“But mobile is a tool,” he said, conceding the role phones will play in facilitating change. “The larger or more powerful thing is people’s behavior.”
Retailers are always looking for opportunities to bypass credit- and debit-card fees. More trials such as Maverik’s are emerging, and a combination of alternative payment and customer incentives has promise.
“Our loyalty program is one of the main vehicles we use to communicate and interact with our customers, and our mobile app is at the center of this program and engages the customer on all aspects of our loyalty offering,” says Call of Maverik. “Our goal is to capitalize on this great tool and increase its value with payments and other fun features.”
Such savings can be as much as 75% of transaction costs, according to Bob Burroughs, senior vice president of product marketing for relatively new loyalty firm Sionic Mobile in Atlanta.
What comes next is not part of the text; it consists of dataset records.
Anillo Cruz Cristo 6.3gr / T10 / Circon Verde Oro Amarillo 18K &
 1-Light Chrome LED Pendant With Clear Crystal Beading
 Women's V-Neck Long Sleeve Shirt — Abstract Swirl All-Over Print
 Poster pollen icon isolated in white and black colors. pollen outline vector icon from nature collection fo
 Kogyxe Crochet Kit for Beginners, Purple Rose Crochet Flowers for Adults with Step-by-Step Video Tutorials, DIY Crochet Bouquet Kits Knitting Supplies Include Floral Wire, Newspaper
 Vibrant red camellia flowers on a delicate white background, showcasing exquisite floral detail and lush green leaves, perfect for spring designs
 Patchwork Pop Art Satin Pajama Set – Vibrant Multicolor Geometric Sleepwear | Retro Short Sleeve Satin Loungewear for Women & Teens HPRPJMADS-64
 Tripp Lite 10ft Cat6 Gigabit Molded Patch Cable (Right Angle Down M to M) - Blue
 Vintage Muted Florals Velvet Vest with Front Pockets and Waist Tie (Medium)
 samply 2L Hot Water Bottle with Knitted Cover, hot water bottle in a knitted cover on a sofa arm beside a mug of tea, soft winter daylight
He calculates it this way: For a $50 fill-up, a merchant may pay 2% in credit-card fees, which is $1. Sionic earns its income on the distribution and use of rewards, so the cost of the transaction for retailers is 25 cents, because Sionic uses Dwalla to process the charge.
But beyond that cost savings, Burroughs and his team have developed a coalition-style loyalty system in which customers can earn “ions,” or points for shopping at specific merchants, and be able to redeem those points as they build up. Having started the business three years ago within concessions at airports, his firm has expanded to the larger retail space, with a new feature involving fuel purchases at convenience stores.
The overall processing has customers using his company’s mobile app, in which the customer takes a photo of a blank or voided check and uses it as payment. It’s not an ACH transaction and it avoids major credit-card routing, he says.
Much of the flexibility comes from banking developments, most specifically the Check 21 measure that came through in 2003. Prior to that, banks settled check payments by physically transporting enormous amounts of physical checks to each other. The Check 21 reform allowed banks to send digital images of checks to settle transactions. As an outgrowth of that convenience, digital checks—or photos of them—are now an accepted form of transferring payments between parties.
But just because a merchant finds a transaction appealing doesn’t mean a customer will, Burroughs points out: “That’s why we based our payment strategy on giving the consumer a reason to pay with a phone. It’s the reward of ions and getting the benefits with future purchases.”
From a retailer perspective, the time to get into the game is now, Call says. “A lot of companies are sitting back and waiting to see what solution prevails,” he says. “But I believe those who embrace the technology and get involved in the movement will be far ahead of their competitors.”
Yet just as retailers begin to see the potential of digital currency for their businesses, new challenges can arise. For instance, in Wolman’s presentation, he gave the example of a CPG manufacturer thinking out loud about how these new currencies could allow brands to communicate directly with consumers. Points could be tied to a big-name candy bar or cereal and entice the consumer directly—ignoring or even bypassing the retailer altogether.
“No doubt the brands are getting closer to the consumer,” says Anton Bakker, president of Outsite Networks, Norfolk, Va., whose company has developed an app that can consolidate brand searches and help consumers find retailers carrying their favorite brands. “But I don’t think the retailer will ever get cut out. It’s an impulse [channel].”